ARYZTA, the Irish-Swiss bakery group, is to invest €100 million per annum for the next three years improving internal efficiencies.

That investment, which is due to begin in 2012, will aim to build on what has been a strong performance this year.

Yesterday, the company — which grew out of the 2008 merger between IAWS and Swiss bakery group, Hiestand — reported a 53.5% increase in revenue, to just under €2.6 billion, for the 12 months to the end of July.

Pre-tax profits were up from just over €253m to €333m, while net debt was reduced by over 10% to €955.5m. A full-year dividend of 46.52c has been proposed.

On a group basis — when Aryzta’s 71.4% stake in Irish agri-services company, Origin Enterprises is included — revenue was up by nearly 29% to €3.88bn, with underlying fully diluted earnings per share rising by 27.1% to 310.1c.

Last week, Origin reported a near 11% increase in operating profits and a 17% rise in revenue for its latest financial year.

Aryzta is saying that the consensus forecast for its current year (up to July 2012) earnings per share — of 338c — “appears reasonable, at this early stage of the year”, adding that its 2013 underlying earnings per share target remains at over the 400c mark.

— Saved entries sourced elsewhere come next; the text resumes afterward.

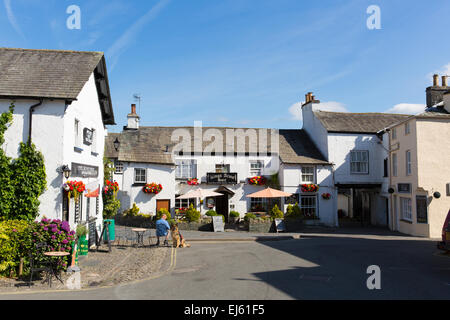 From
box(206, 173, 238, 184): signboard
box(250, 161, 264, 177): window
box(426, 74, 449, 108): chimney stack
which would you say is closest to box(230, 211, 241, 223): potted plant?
box(206, 173, 238, 184): signboard

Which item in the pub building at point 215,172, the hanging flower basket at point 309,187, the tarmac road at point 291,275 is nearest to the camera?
the tarmac road at point 291,275

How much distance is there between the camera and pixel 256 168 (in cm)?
2784

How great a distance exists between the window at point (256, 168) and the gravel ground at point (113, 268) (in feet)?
41.2

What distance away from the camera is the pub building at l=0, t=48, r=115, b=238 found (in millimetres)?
12461

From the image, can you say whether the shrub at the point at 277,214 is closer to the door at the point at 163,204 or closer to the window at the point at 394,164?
the door at the point at 163,204

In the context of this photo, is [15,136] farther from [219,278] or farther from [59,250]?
[219,278]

It added that it expects to boost revenue by €78m in its current year; mainly on the back of first-time contributions of previously announced acquisitions in Britain and the Far East, which are due to be completed in the first quarter of 2012.

Chief executive Owen Killian said 2011 was a year of “substantial repositioning” for the company and that next year will be one of “significant change” for the group, operationally speaking.

“Aryzta is now much better positioned opposite consumers, with greater global access to limited-serve restaurants and retail; complementing our well-established deeply distributed foodservice business,” he added.

Mr Killian noted that consumer confidence improved during the 12 months, but said that the company would be working with its customers to try to manage input price inflation, as consumer are still faced with tough economic conditions.